まだ初々しい桜並木。かつての桜は老木になり根が傷んでしまったので全て植え替えられました。長さ465mの段葛の両脇に177本のソメイヨシノが見ごろを迎えていました。


人のいない、式典の前を鎌倉でアンティークショップをやっている娘に朝早く撮影してもらいました。約1年半ぶりの改修を終えた姿です。段葛は八幡宮から南に延びる「若宮大路」の中央を通る歩道で、この1年半は被いかぶされ歩けませんでした。「道の上に道を置く形式」の段葛。鎌倉幕府を開いた源頼朝が1182年、妻・北条政子の安産を祈願して造ったとされています。
神事の後、歌舞伎役者の中村吉右衛門さんや宮司たちが通り初めを南側の鳥居から八幡宮に向かって歩き、舞殿では吉右衛門さんが祝いの舞を披露しました。厳かの中にも華やいだ舞台。素晴らしい舞いでした。

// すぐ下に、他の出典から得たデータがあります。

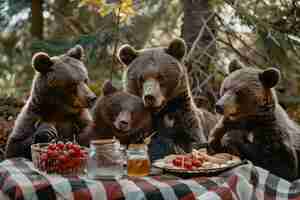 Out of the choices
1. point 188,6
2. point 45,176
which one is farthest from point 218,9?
point 45,176

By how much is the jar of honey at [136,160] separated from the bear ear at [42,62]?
119 centimetres

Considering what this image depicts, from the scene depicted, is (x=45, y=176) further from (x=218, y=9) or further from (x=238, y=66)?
(x=218, y=9)

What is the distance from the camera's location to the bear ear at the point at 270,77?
3.49 meters

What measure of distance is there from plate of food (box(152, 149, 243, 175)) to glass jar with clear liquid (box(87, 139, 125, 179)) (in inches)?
10.4

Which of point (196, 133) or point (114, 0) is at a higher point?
point (114, 0)

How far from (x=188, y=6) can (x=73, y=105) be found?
10.2ft

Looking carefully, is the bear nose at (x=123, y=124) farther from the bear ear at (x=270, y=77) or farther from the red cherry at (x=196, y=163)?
→ the bear ear at (x=270, y=77)

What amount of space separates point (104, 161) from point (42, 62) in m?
1.25

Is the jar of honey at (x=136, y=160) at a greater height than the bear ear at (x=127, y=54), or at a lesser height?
lesser

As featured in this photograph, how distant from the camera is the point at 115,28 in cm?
639

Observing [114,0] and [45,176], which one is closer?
[45,176]

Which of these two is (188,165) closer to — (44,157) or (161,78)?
(44,157)

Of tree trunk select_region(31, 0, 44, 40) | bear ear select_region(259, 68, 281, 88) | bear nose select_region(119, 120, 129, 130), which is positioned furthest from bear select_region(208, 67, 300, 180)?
tree trunk select_region(31, 0, 44, 40)

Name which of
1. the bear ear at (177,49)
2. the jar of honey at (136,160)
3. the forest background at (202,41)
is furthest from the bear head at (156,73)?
the forest background at (202,41) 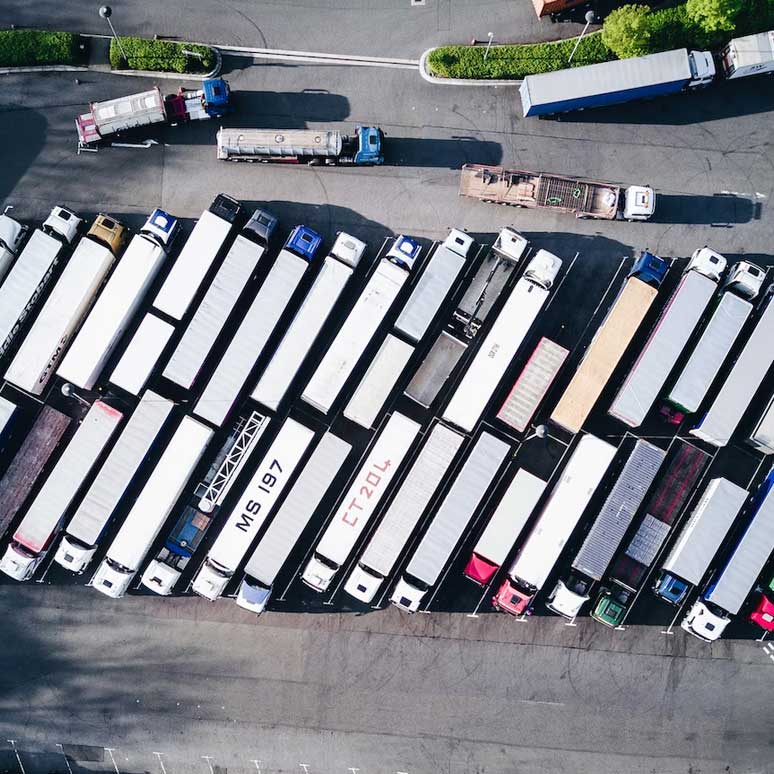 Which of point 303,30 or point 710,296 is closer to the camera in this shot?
point 710,296

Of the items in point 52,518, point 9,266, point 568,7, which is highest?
point 568,7

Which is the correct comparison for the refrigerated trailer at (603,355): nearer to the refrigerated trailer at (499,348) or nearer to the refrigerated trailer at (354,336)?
the refrigerated trailer at (499,348)

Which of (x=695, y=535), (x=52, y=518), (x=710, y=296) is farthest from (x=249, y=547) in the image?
(x=710, y=296)

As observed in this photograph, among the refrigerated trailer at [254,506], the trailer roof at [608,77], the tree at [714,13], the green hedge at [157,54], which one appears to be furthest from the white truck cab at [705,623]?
the green hedge at [157,54]

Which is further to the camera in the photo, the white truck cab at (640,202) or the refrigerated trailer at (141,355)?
the white truck cab at (640,202)

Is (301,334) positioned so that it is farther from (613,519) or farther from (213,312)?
(613,519)

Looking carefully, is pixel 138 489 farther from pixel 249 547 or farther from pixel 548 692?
pixel 548 692

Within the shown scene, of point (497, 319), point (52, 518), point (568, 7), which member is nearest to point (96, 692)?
point (52, 518)

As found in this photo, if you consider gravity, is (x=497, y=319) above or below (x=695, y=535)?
above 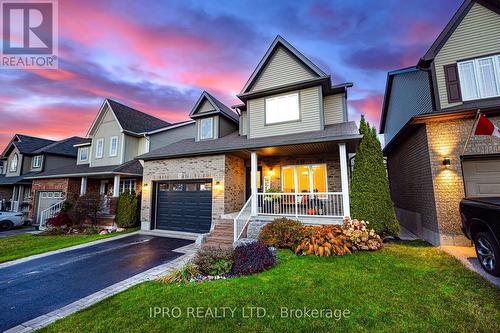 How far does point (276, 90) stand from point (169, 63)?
682 centimetres

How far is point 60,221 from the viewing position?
13.2 meters

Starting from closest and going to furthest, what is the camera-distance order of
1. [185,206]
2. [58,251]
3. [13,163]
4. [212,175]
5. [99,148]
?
[58,251] < [212,175] < [185,206] < [99,148] < [13,163]

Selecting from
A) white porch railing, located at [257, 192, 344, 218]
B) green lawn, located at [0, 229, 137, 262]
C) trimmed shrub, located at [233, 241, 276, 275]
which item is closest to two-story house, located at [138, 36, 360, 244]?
white porch railing, located at [257, 192, 344, 218]

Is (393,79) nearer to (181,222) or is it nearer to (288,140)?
(288,140)

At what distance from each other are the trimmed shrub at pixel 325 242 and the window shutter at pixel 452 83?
6.47 meters

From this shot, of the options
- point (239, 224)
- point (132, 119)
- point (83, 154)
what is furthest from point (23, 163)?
point (239, 224)

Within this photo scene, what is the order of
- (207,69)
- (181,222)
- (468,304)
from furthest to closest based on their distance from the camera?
1. (207,69)
2. (181,222)
3. (468,304)

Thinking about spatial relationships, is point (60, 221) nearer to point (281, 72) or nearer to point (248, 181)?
point (248, 181)

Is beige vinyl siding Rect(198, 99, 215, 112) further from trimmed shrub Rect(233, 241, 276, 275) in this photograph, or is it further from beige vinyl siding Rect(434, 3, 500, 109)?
beige vinyl siding Rect(434, 3, 500, 109)

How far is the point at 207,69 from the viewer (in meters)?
13.3

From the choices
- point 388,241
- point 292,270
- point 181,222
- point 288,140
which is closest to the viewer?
point 292,270

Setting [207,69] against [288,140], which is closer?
[288,140]

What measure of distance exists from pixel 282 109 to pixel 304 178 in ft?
12.3

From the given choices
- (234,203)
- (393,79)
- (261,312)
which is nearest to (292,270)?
(261,312) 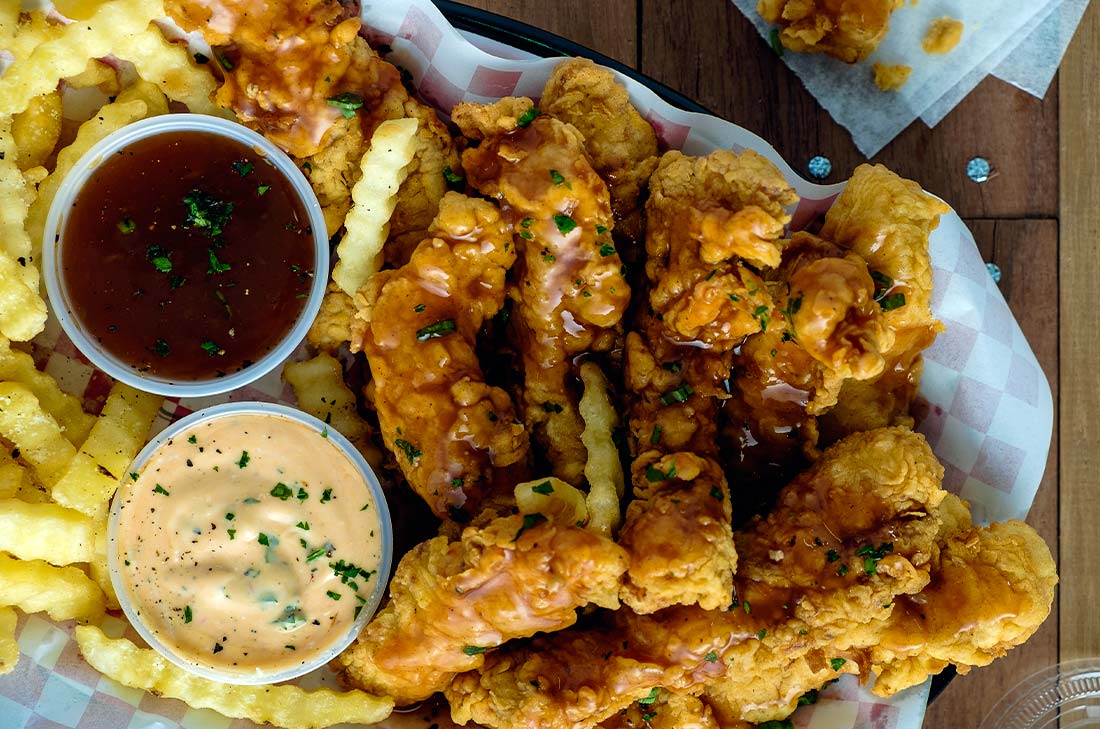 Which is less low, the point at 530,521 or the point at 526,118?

境内は人・人・人。その中で爪先立ちしながら拝見し、木遣師さんの歌声に送られ東の鳥居を出て右へ30mほど行くと娘のショップ「フローラル」があり、ひと休み。花曇の午後のひとときを堪能いたしました。


帰りはフローラルから鎌倉駅まで段葛を歩いてみました。土だった路面が雨水を吸収しやすい歩道へと変わり、とても歩きやすく”歴史の一歩”を踏みしめながら箱根の山に戻ってきました。